Maurice Léonard  (Photo: Andrés Lejona)

Maurice Léonard  (Photo: Andrés Lejona)

Monsieur Léonard, vous avez démarré dans la vie active comme ouvrier dans une scierie. Quel chemin vous a conduit à prendre la tête d’une société d’artisanat de luxe?

 «Un chemin avec quelques détours intéressants! Mes humanités achevées au Séminaire de Bastogne, j’avais entamé des études d’ingénieur, puis passé une série d’examens pour entrer aux Chemins de fer, à la Poste et au ministère des Finances. C’est en attendant ces concours – et les résultats – que j’ai pris une place dans une scierie, pendant six mois. Un ami m’a ensuite fait entrer dans l’étude notariale de son père, à Bastogne. J’y fus clerc, pendant quelques mois. Puis, j’ai été appelé au ministère des Finances, comme rédacteur. Je suis entré dans le département TVA, à Bruxelles. J’avais 21, 22 ans et je me suis senti très vite à l’étroit dans ce carcan de fonctionnaire. J’ai alors démarré une activité d’assureur… sur le côté, et j’ai développé un portefeuille d’assurances.

Tout en restant fonctionnaire?

«C’était une activité tout à fait accessoire. Mais je préparais déjà ma sortie de la fonction publique, c’est clair. Mon père était fermier, entrepreneur et indépendant, et j’avais vraiment envie d’avoir ce style de vie. Le portefeuille d’assurances s’est développé et j’ai eu l’occasion de reprendre la gestion d’une agence bancaire CGER (Caisse Générale d’Epargne et de Retraite) – devenue Fortis, devenue BNP Paribas. J’avais 26 ans, à ce moment-là. J’ai repris cette agence de bancassurance et revendu mon portefeuille d’assurances à mon frère. Toutes ces expériences ont été enrichissantes, je n’en regrette aucune.

Votre CV n’affiche aucun trou. Bien au contraire, certaines lignes se superposent…

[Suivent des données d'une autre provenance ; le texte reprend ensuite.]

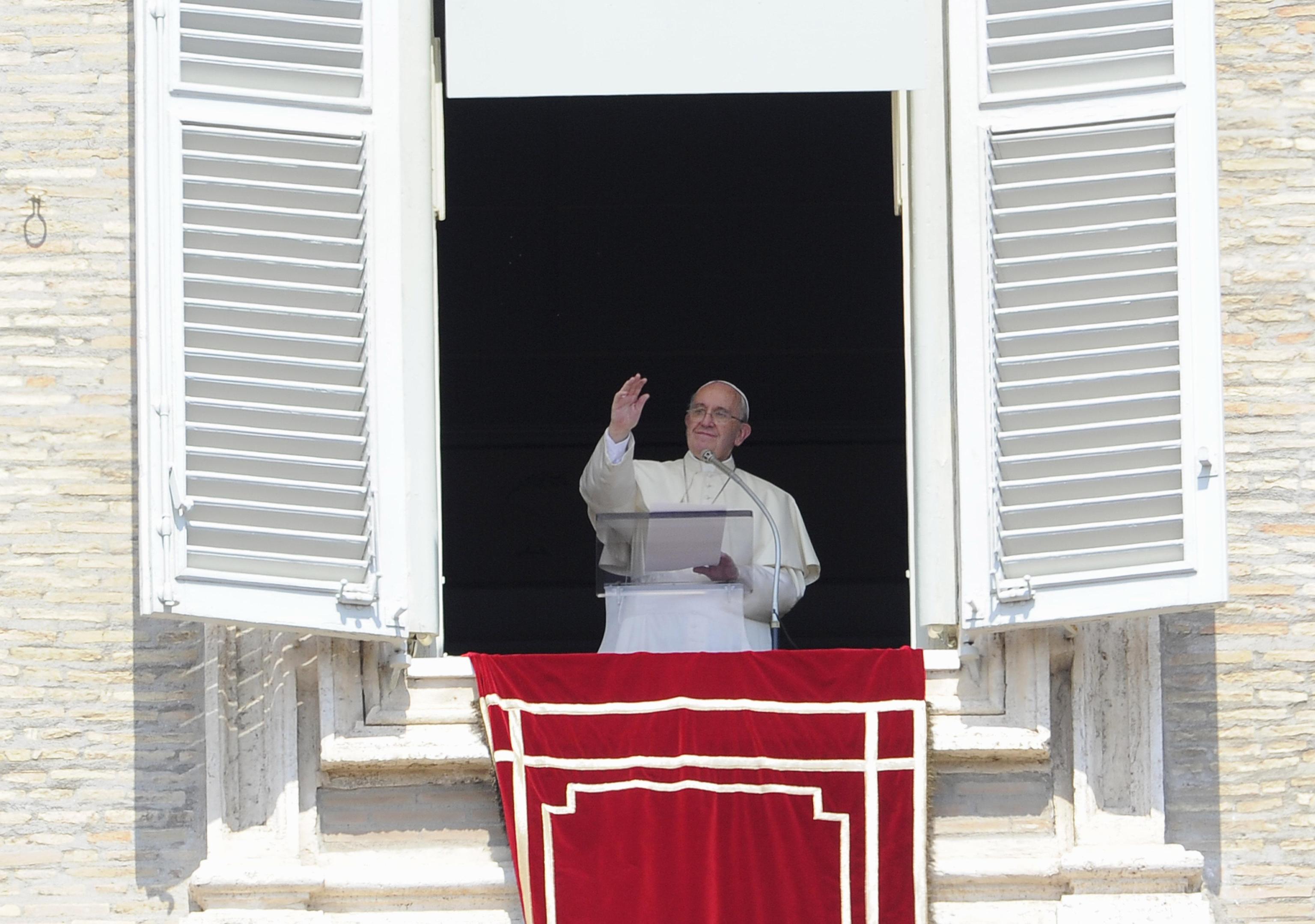 Pope Francis greets faithful during the Angelus in St. Peter square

«C’est encore le cas aujourd’hui! Je pense que je n’ai chômé qu’un seul jour dans ma vie, entre la fin de mes études et mon entrée à la scierie…. J’ai toujours un peu cumulé. Lorsque j’étais à la tête de l’agence bancaire, j’ai suivi beaucoup de formations;  en fiscalité, en gestion des conflits, en vente… Après cinq ans, mon père et moi avions envie de lancer un projet et nous ne voulions pas être dans la file, suivre tout le monde. C’est un peu facile. Nous voulions trouver quelque chose d’original, de particulier. J’étais en contact avec quelqu’un qui connaissait une histoire de lunettes en bois. Jusque-là, elle n’était pas très aboutie. Il y avait eu quelques tentatives, dans le sud de la France, à Waremme, en Belgique… Des sociétés qui démarraient, mais ne s’en sortaient pas.

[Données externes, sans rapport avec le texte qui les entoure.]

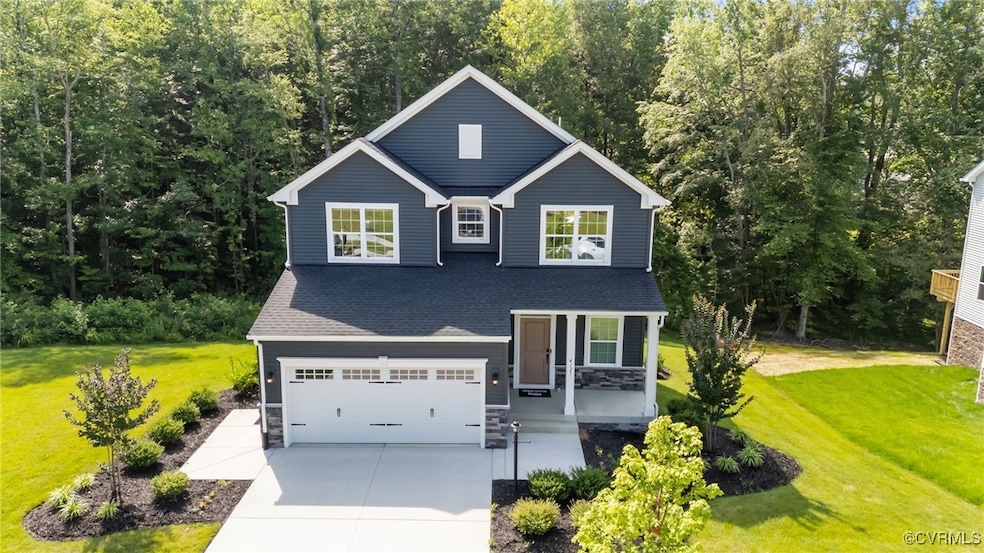 View of front of home with a garage, a front lawn,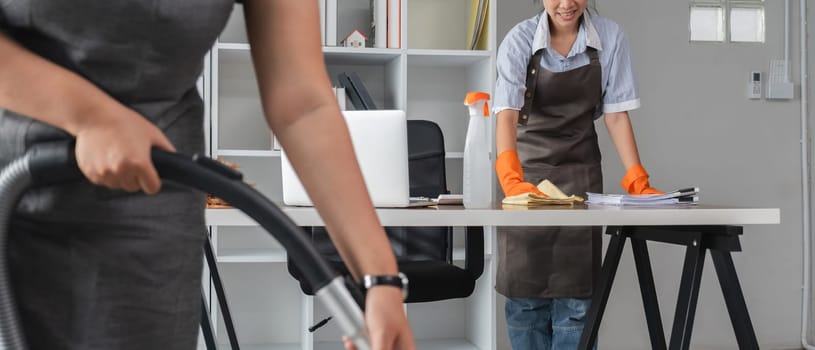 Young Asian housewife uses a vacuum cleaner to clean and vacuum the office..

Vous avez donc creusé cette idée…

«Nous avons fait réaliser une étude par Idelux, à Arlon, qui trouvait cette idée très intéressante. Papa et moi avons donc investi dans ce secteur difficile. Je pense, objectivement, que si nous avions su ce jour-là les efforts qu’il allait falloir consentir pour y arriver, nous ne l’aurions pas fait. Mais à partir du moment où on a commencé à investir, et à s’investir… nous sentions que nous approchions du but et avons remis des moyens. Ce fut très dur pendant quelques années. D’ailleurs, certains magazines professionnels français avaient ensuite titré: ‘Maurice Léonard y est enfin arrivé’. Ils expliquaient que nous étions les premiers à être parvenus à maîtriser la technique et à faire reconnaître le bois comme nouvelle matière dans l’industrie de l’optique.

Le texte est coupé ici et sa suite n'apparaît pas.